Yes. Under Divorce Act s. 17, a recipient can seek a variation if a material change in circumstances — such as illness or a failed job market — prevents self-sufficiency by the end date. Review orders build this in automatically by scheduling a hearing to reassess before support terminates.

What happens if I do not pursue the retraining a court expected?

A recipient who unreasonably declines to retrain or seek suitable work risks reduction or termination. Under Family Law Act s. 33(9), courts weigh the extent to which the recipient pursued self-sufficiency, and Ontario judges may impute income — treating the recipient as earning what reasonable effort would have produced.

Does rehabilitative support affect parenting arrangements or child support?

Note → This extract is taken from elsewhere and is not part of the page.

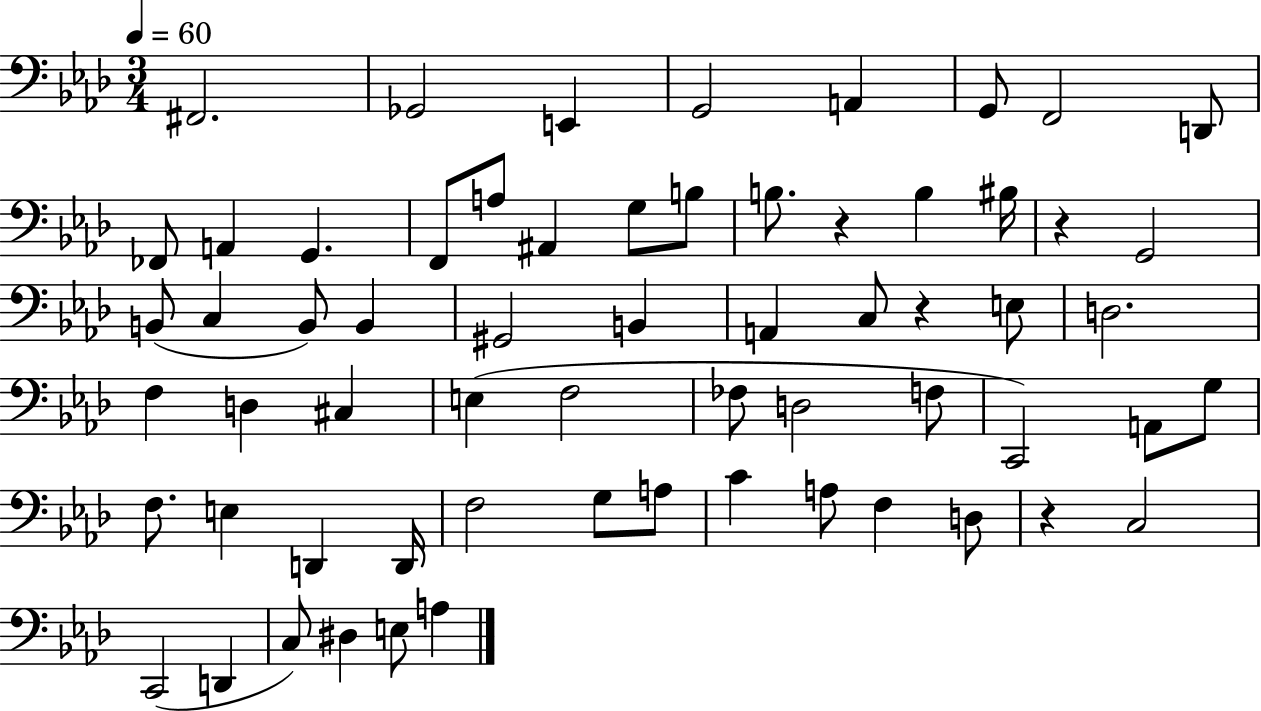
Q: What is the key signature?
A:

No. Spousal support and child support are separate obligations. Child support is calculated first under the Federal Child Support Guidelines and paid regardless of spousal support. Parenting arrangements and decision-making responsibility are decided under the best-interests test in the 2021 Divorce Act amendments and do not reduce spousal support entitlement.

How much does it cost to file for divorce and support in Ontario?

Mandatory court fees total $679 as of January 2026: $224 to issue the divorce application, $445 for the Affidavit for Divorce, plus a $10 federal registry fee. Low-income applicants can waive the $669 provincial portion but not the $10 federal fee. Verify current amounts with your local court, as fees adjust triennially.

Can spousal support be indefinite instead of rehabilitative?

Yes. For relationships of 20 years or more, or where the SSAG "Rule of 65" applies (age at separation plus years of cohabitation equals 65 or more), the guidelines remove the durational limit and indefinite support becomes appropriate. Since Moge v. Moge (1992), Ontario courts favour indefinite support for long marriages.

Is self-sufficiency a mandatory obligation in Ontario?

Self-sufficiency is a statutory objective under FLA s. 33(8) and Divorce Act s. 15.2(6), but it is not absolute. Moge and Bracklow confirmed it is only one of several objectives, and a recipient is never required to accept a drastic drop in living standard. The duty is reasonable effort, judged by age, health, and labour-market realities.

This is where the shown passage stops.